We are overlooking the importance of land tenure in trying to map the future balance between food production and the environment.

Defra (Department for Environment, Food and Rural Affairs) has published the conclusions of its Green Food Project today (Green Food Project Conclusions, July 2012).   Further reports are also available from Defra, on its Green Food Project website.  There are also reports on wheat, bread, dairy, curry and three geographic studies at farm, catchment and landscape levels.

Land management will need to be based on a very broad view of the requirements of society and the environment, while also being much more focussed on the particular attributes of individual sites.  This will be a particular challenge for policy-makers in the design of incentives and other instruments with which to influence long term and day to day land management decisions.
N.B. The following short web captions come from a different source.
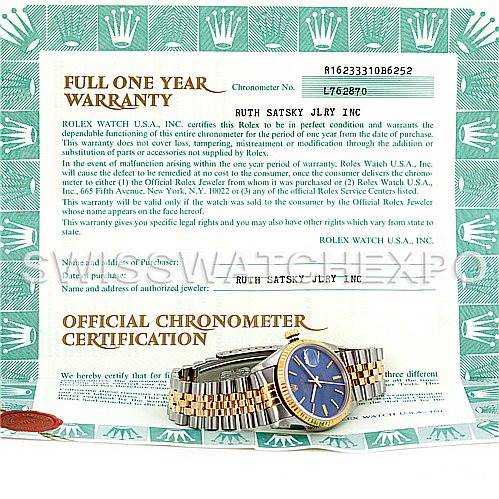 The image features a Rolex Datejust 16233 Men
s Steel and Gold (two tone) Blue Dial 16233 Men
s Steel and Gold (two tone) Blue Dial watch with a two-tone bracelet and blue dial, placed on top of its warranty and certification papers.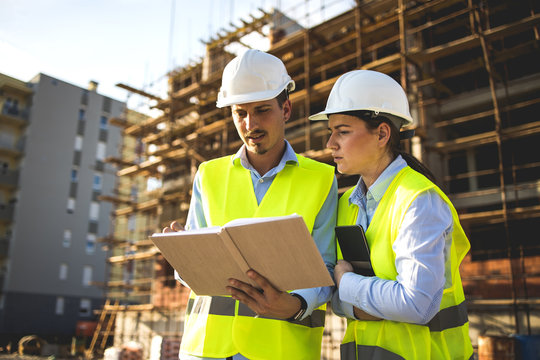 Construction workers having work meeting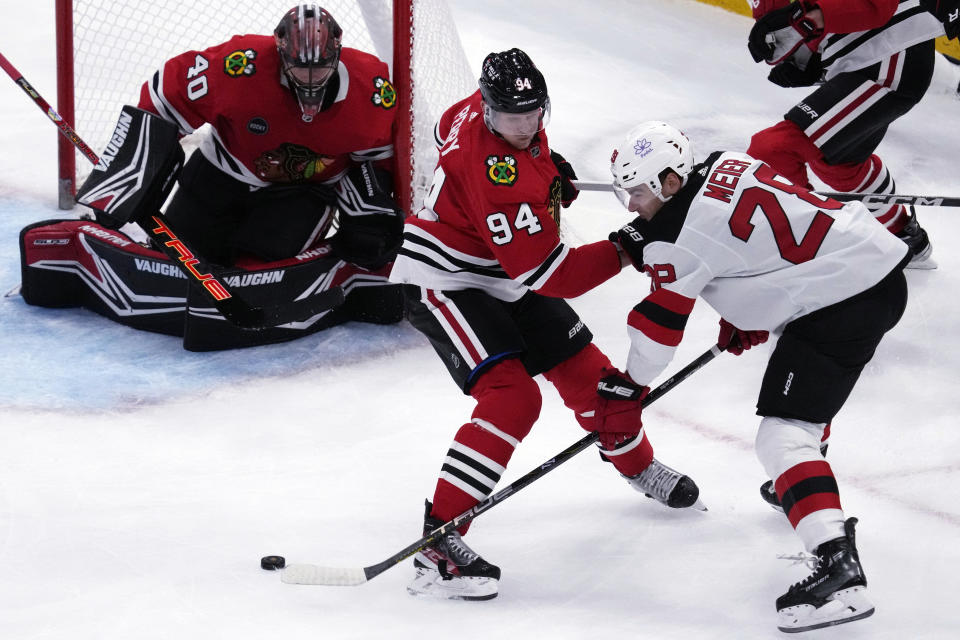 New Jersey Devils right wing Timo Meier, right, shoots against Chicago Blackhawks right wing Corey Perry as goaltender Arvid Soderblom, left, looks on during the first period of an NHL hockey game in Chicago, Sunday, Nov. 5, 2023. (AP Photo/Nam Y. Huh)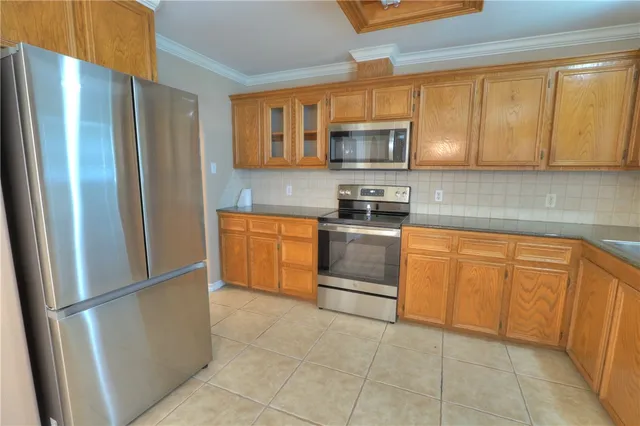 a metallic refrigerator freezer sitting in a kitchen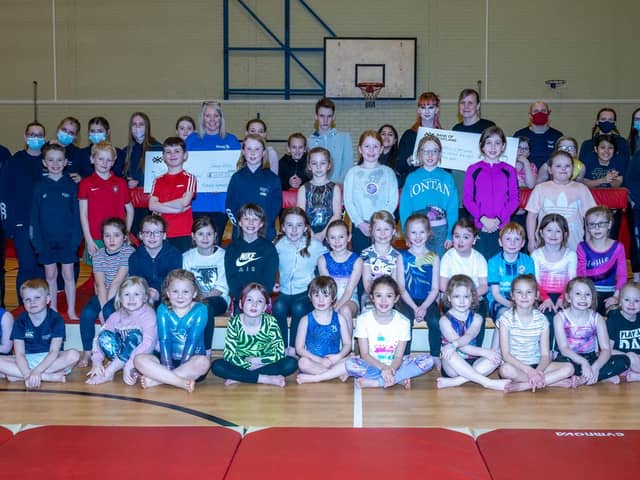 Members of Kirkcaldy Gymnastics Club have given two worthy causes a cash boost. Pic: John S Pow Photography.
The report stresses the importance of a number of issues which in my view need to be highlighted in relation to land tenure.  These include:

  • The importance of long-term decisions by farmers
  • Investment requirements and security
  • Payments for nature’s bounty: ecosystem services and their valuation
  • Land management and its fundamental importance
  • Effective structures for businesses, markets, supply chains
  • The difficulties facing new entrant/young farmers seeking investment and land

Yet nowhere in all this is the importance of land tenure recognised or discussed to any extent – the closest we seem to get is in paragraph 4.29 where there is mention of contract farming in the context of consolidation in farming.  To highlight how land tenure is important to these points, consider this:

  • If a farmer occupies land under short term arrangements, what incentive does he have to consider longer-term measures?
  • Secure tenure and underlying property values are often of the greatest importance in securing funding, and to the terms on which that funding is made available.
  • To whom should payments for ecosystem services be made: landowners, or occupiers under traditional grazing rights, tenancies, or licences?  And how should they be divided between these parties.  There is already a strong view that tenant farmers in the uplands miss out on a number of environmental schemes for example.
  • Land management has to start with fundamental considerations of tenure – this is the basic foundation on which land use and management decisions are made.
  • Effective structures therefore also need to deal with land administration, tenure and management structures
  • The new entrant/young farmer problem is a complex one involving economics, risk and tenure – but questions over availability of land inevitably revolve around related considerations of tenure, value and returns.

Some of these points were recently highlighted in a Farmers Weekly article on ‘Quarry Farming‘ by Ian Pigott, himself a farmer, arguing that high rents for short term agreements lead to exploitation rather than stewardship.  Ian’s perspective is certainly not the only way to look at this problem, but it does again emphasise the importance of land tenure in short and long term food security, environmental protection and business development.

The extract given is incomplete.